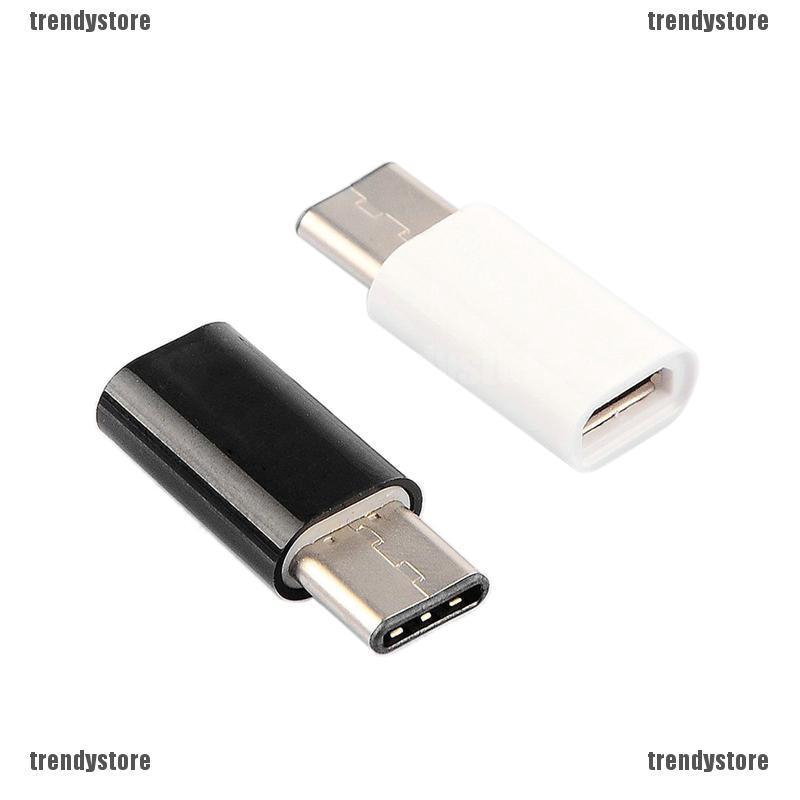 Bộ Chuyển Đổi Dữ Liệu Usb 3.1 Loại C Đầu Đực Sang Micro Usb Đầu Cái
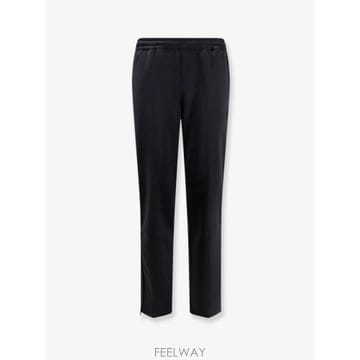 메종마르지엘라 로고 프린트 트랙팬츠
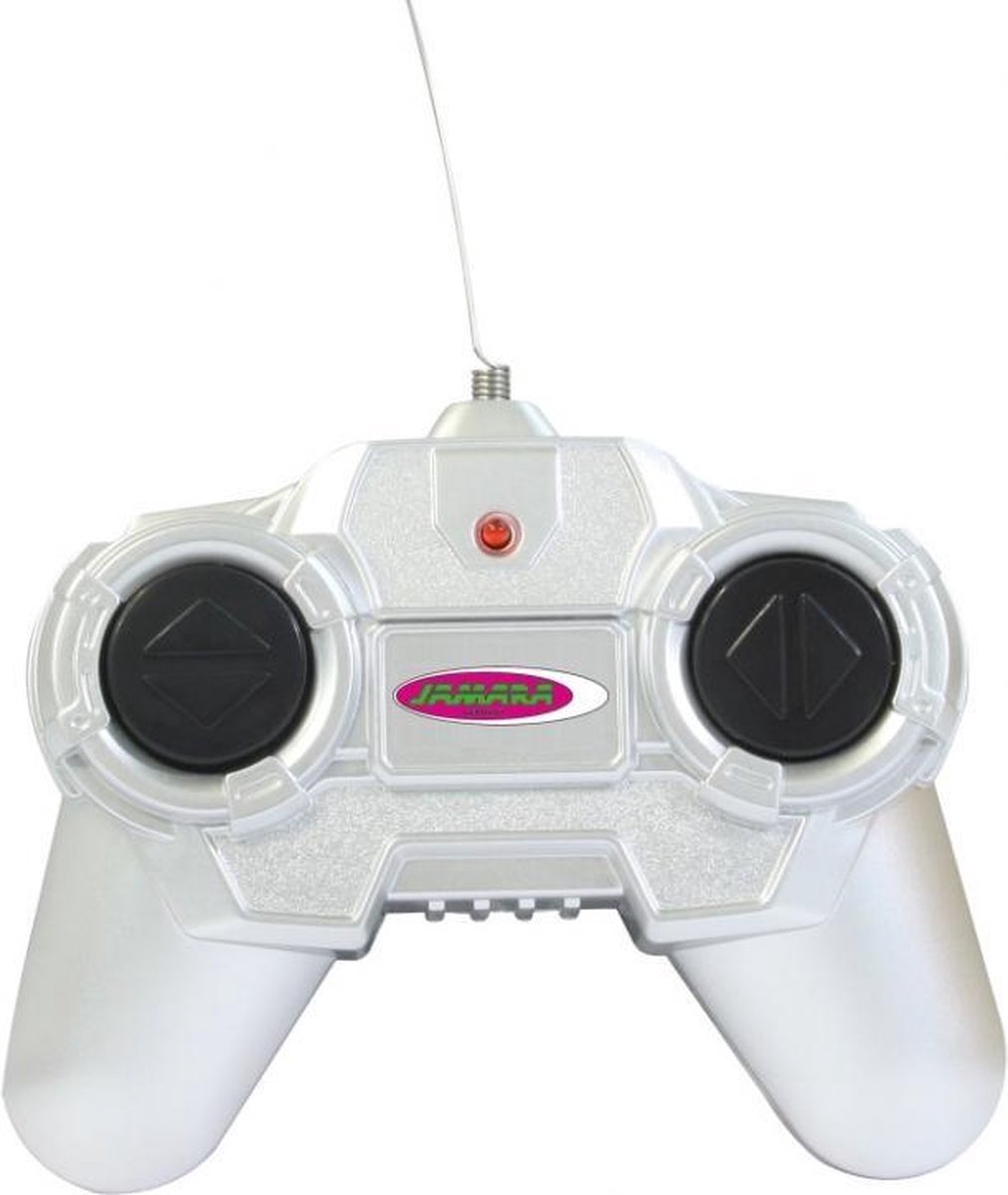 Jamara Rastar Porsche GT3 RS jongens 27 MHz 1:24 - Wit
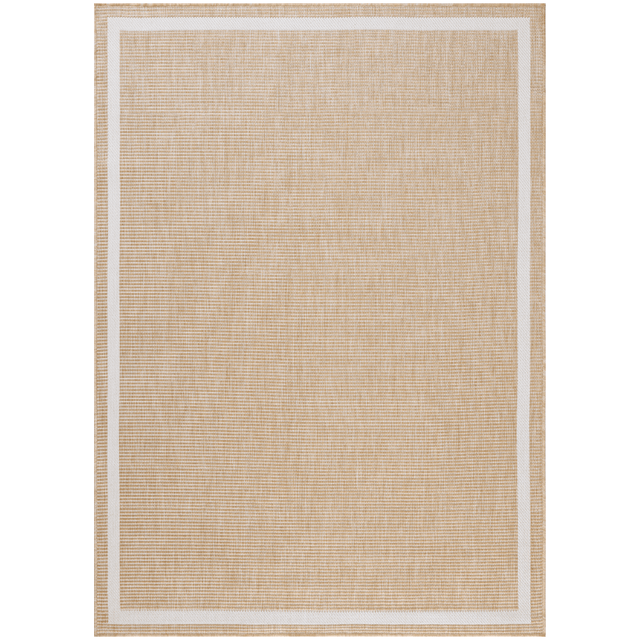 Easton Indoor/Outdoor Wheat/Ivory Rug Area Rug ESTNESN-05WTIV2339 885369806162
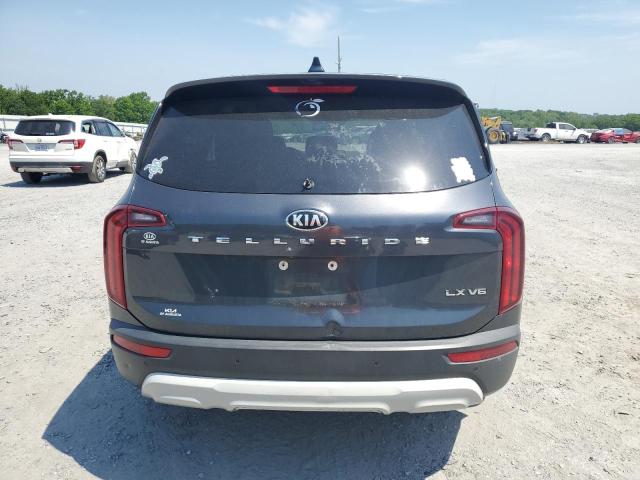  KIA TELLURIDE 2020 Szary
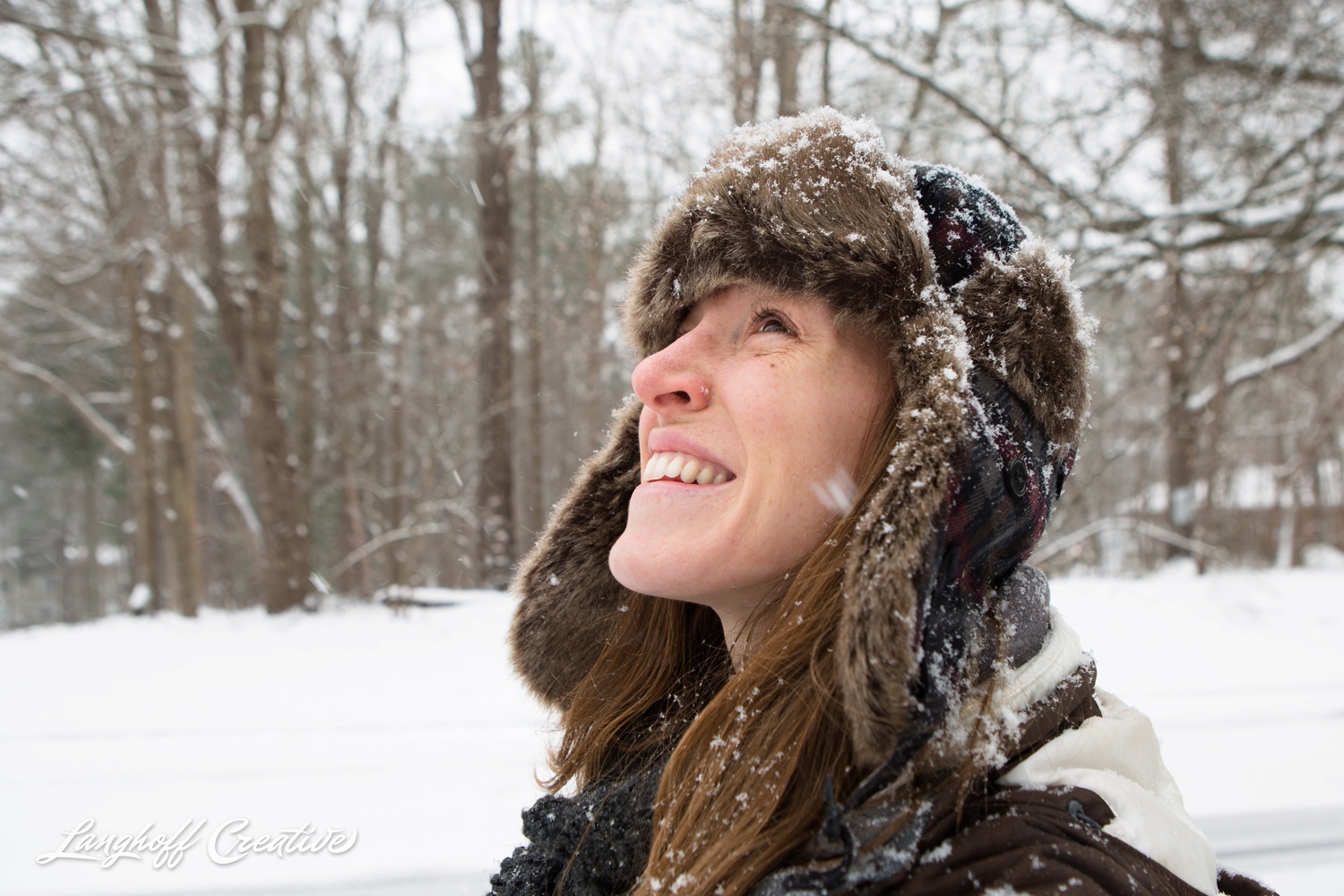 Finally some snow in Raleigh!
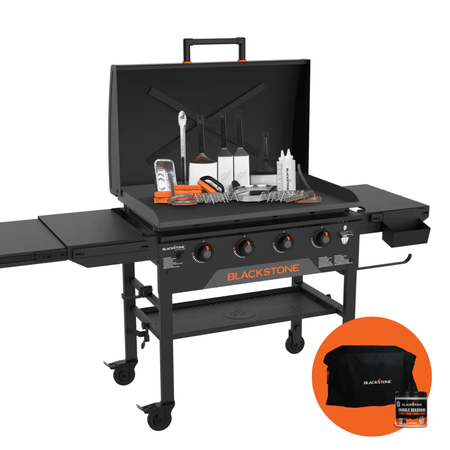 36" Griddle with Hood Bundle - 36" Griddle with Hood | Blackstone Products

• [Exercise aim]: Give the data again word for word, without pictures.

• [Written reply]:
 Bộ Chuyển Đổi Dữ Liệu Usb 3.1 Loại C Đầu Đực Sang Micro Usb Đầu Cái
 메종마르지엘라 로고 프린트 트랙팬츠
 Jamara Rastar Porsche GT3 RS jongens 27 MHz 1:24 - Wit
 Easton Indoor/Outdoor Wheat/Ivory Rug Area Rug ESTNESN-05WTIV2339 885369806162
  KIA TELLURIDE 2020 Szary
 Finally some snow in Raleigh!
 36" Griddle with Hood Bundle - 36" Griddle with Hood | Blackstone Products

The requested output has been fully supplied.